Ingredients
Method
Preparation
- Preheat the oven to 350°F (175°C). Grease a 9x13-inch baking dish with butter or nonstick spray.
- Thaw the frozen shredded hashbrowns overnight in the refrigerator. Drain thoroughly by pressing the potatoes with a towel or using paper towels to remove excess moisture.
- In a skillet over medium heat, crumble and brown the pork sausage until fully cooked and no pink remains. Drain in a colander to remove fat.
- In a large mixing bowl, whisk together the eggs, milk or cream, salt, black pepper, and garlic powder until well combined.
- Add the drained hashbrowns, drained sausage, and shredded cheddar to the egg mixture.
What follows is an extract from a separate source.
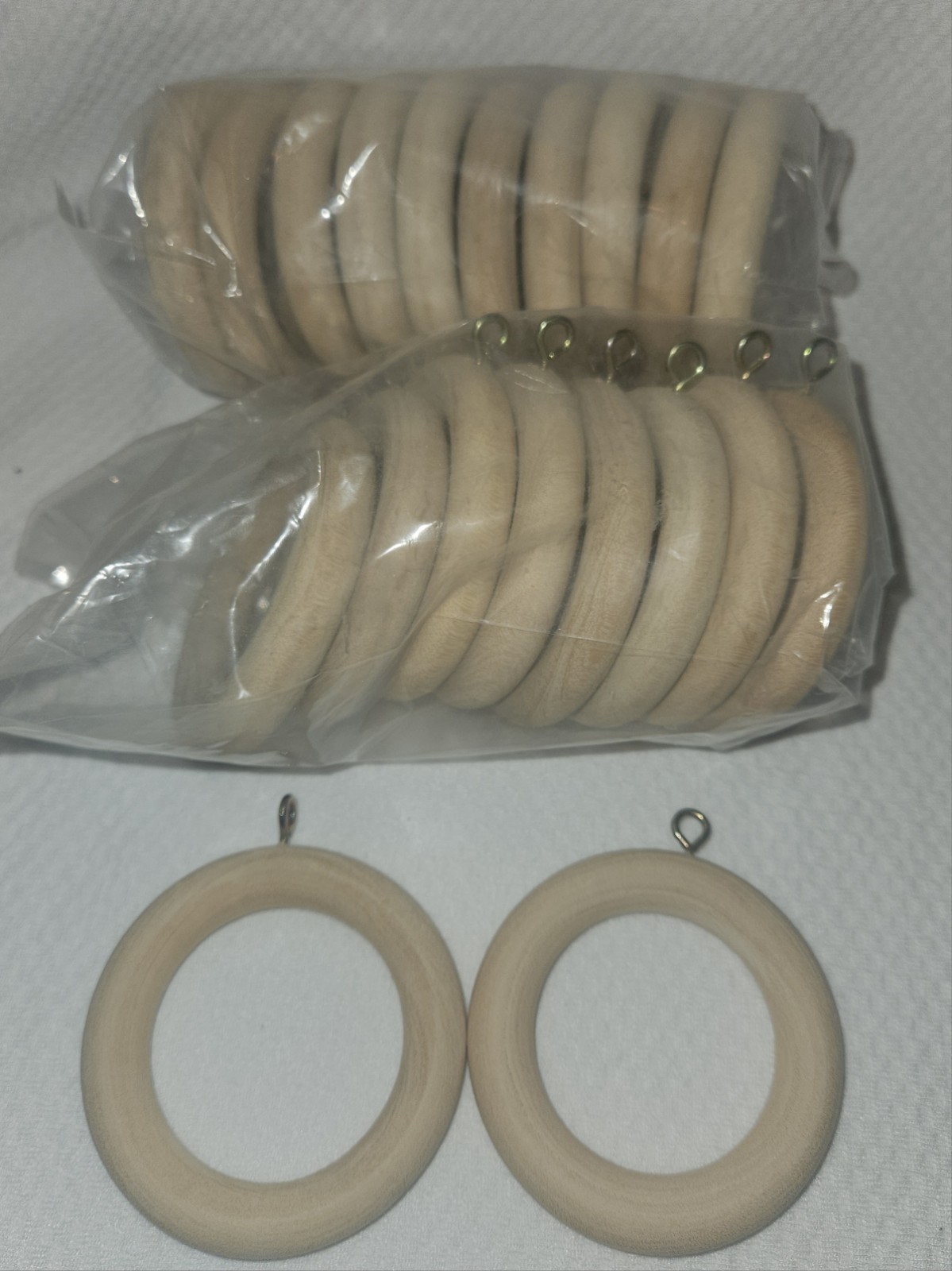 20 Unfinished Wood Rings With Gold Eyeletss For Curtain Rods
Gently fold until combined.
Baking
- Pour the mixture into the prepared baking dish and spread it evenly.
- Bake for 45–55 minutes, until the top is golden and a knife inserted in the center comes out clean or with a few moist crumbs. If edges brown too quickly, tent loosely with foil for the last 10–15 minutes.
- Remove from the oven and let the casserole rest for 10–15 minutes before slicing.
Notes
For best results, ensure thorough draining of the hashbrowns and sausage. Can be made ahead, refrigerated for up to 24 hours before baking.